Our study has a number of limitations. First, our 2 cohorts were different in several respects. OXVASC consists of predominantly Caucasian participants with 50% having TIA, while the HKU cohort comprises predominantly Chinese participants with ischemic stroke. Although this would probably explain some differences in stroke subtypes between the 2 populations, and there was inevitably some selection in both cohorts in relation to MRI, particularly in the earlier stages of the studies when the 2 cohorts were analyzed separately (table e-10), we were able to demonstrate that the total SVD score had very similar prognostic value in predicting risk of recurrent stroke (c statistic 0.60 and 0.61) with no heterogeneity. Similarly, when our results were stratified according to period of recruitment (first 5 vs latter 5 years), the total SVD score had similar prognostic value in prediction of recurrent stroke with no significant heterogeneity (phet = 0.25). These analyses suggest that the utility of the total SVD score is robust to ethnicity and is applicable to patients with TIA and ischemic stroke. Second, our study was limited by the small number of some clinical outcomes, with only 29 ICH on long-term follow-up, among 199 total recurrent strokes. Third, the TOAST subtypes of recurrent strokes were only available among OXVASC patients. Whether the total SVD score predicts recurrent strokes of different subtypes would require further study. Fourth, patients in OXVASC were scanned on 4 different scanners over the 10-year study period. However, although this could have been a potential source of heterogeneity, total SVD scores were similar across the 4 scanners and appeared to have similar predictive value for recurrent stroke (phet = 0.42), accepting the limited statistical power to address this for individual scanners. Overall, therefore, the robustness of our findings to different scanner types is a potential strength of the total SVD score.

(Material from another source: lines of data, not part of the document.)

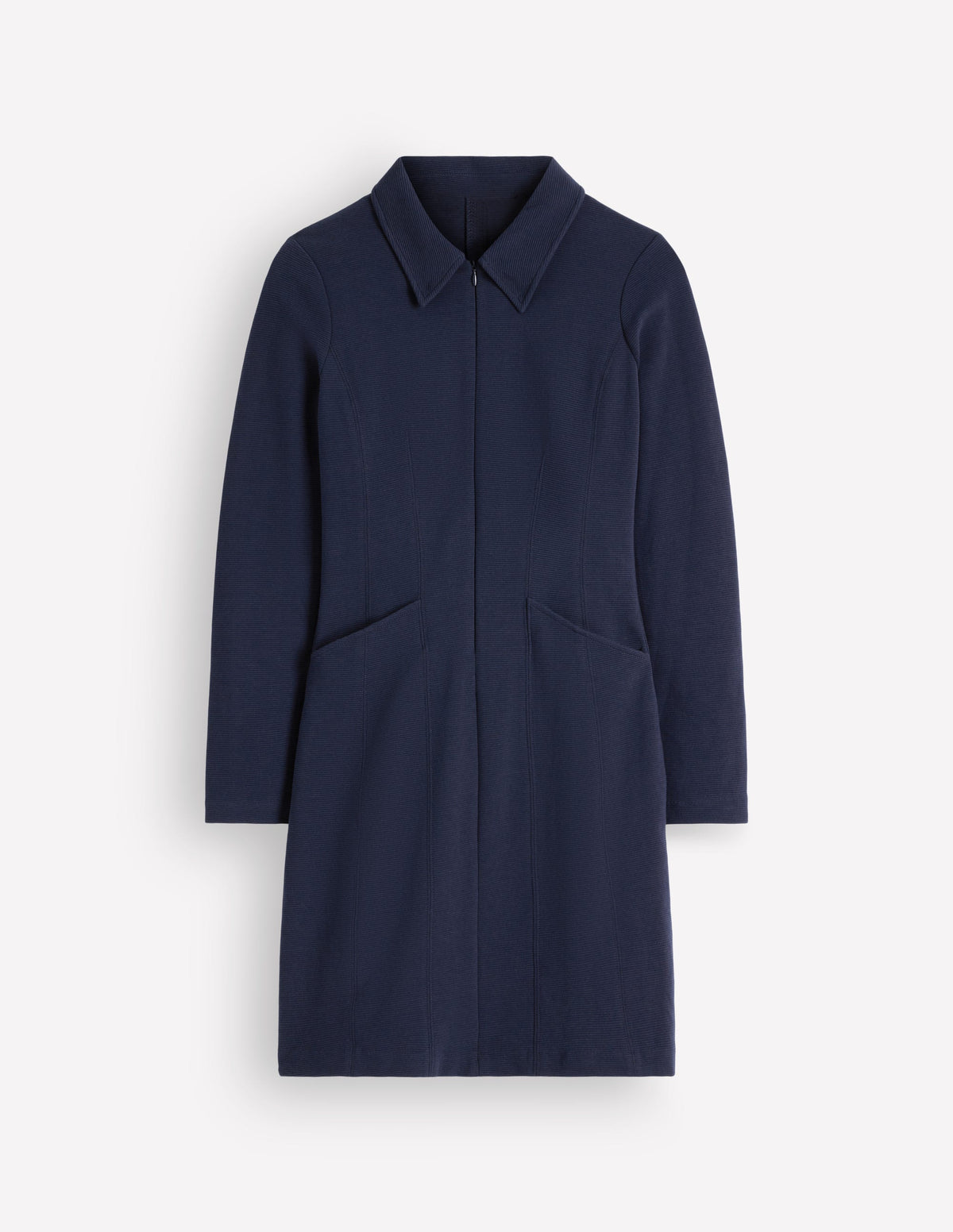 Nia Ottoman Long Sleeve Dress-Navy-5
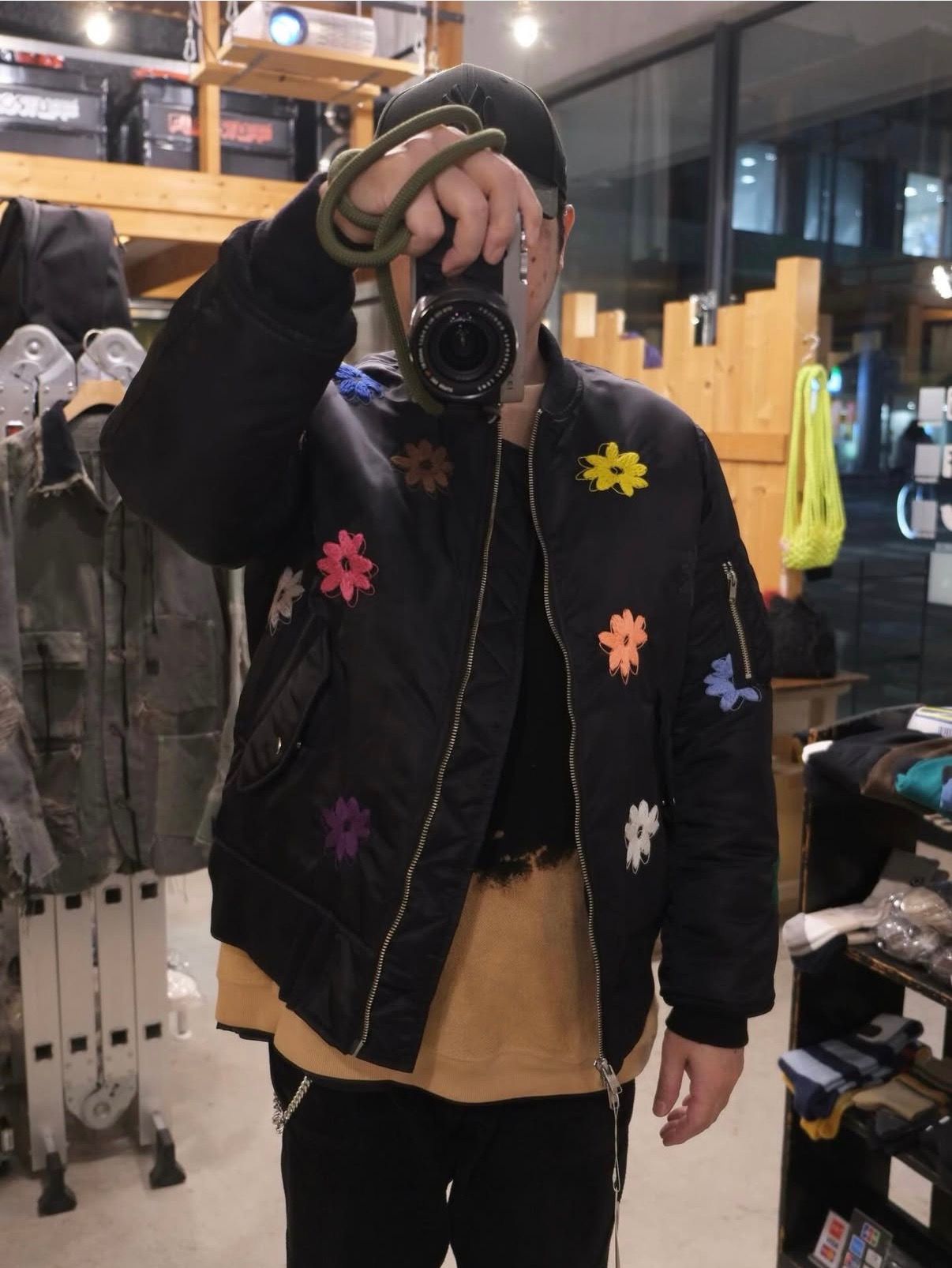 Flower Embroidery Flight Jacket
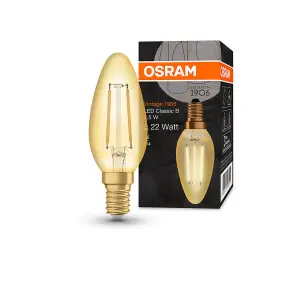 Osram LED Filament Candle 2.5W E14 Vintage 1906 Extra Warm White Gold (3 Pack)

Fifth, any modifications to the total SVD score require further external validation in other much larger cohorts. Finally, although the total SVD score has been shown to predict cognitive impairment in the elderly population[6] and in patients with hypertension,[7] whether the score also predicts cognitive decline in patients with TIA/ischemic stroke remains uncertain.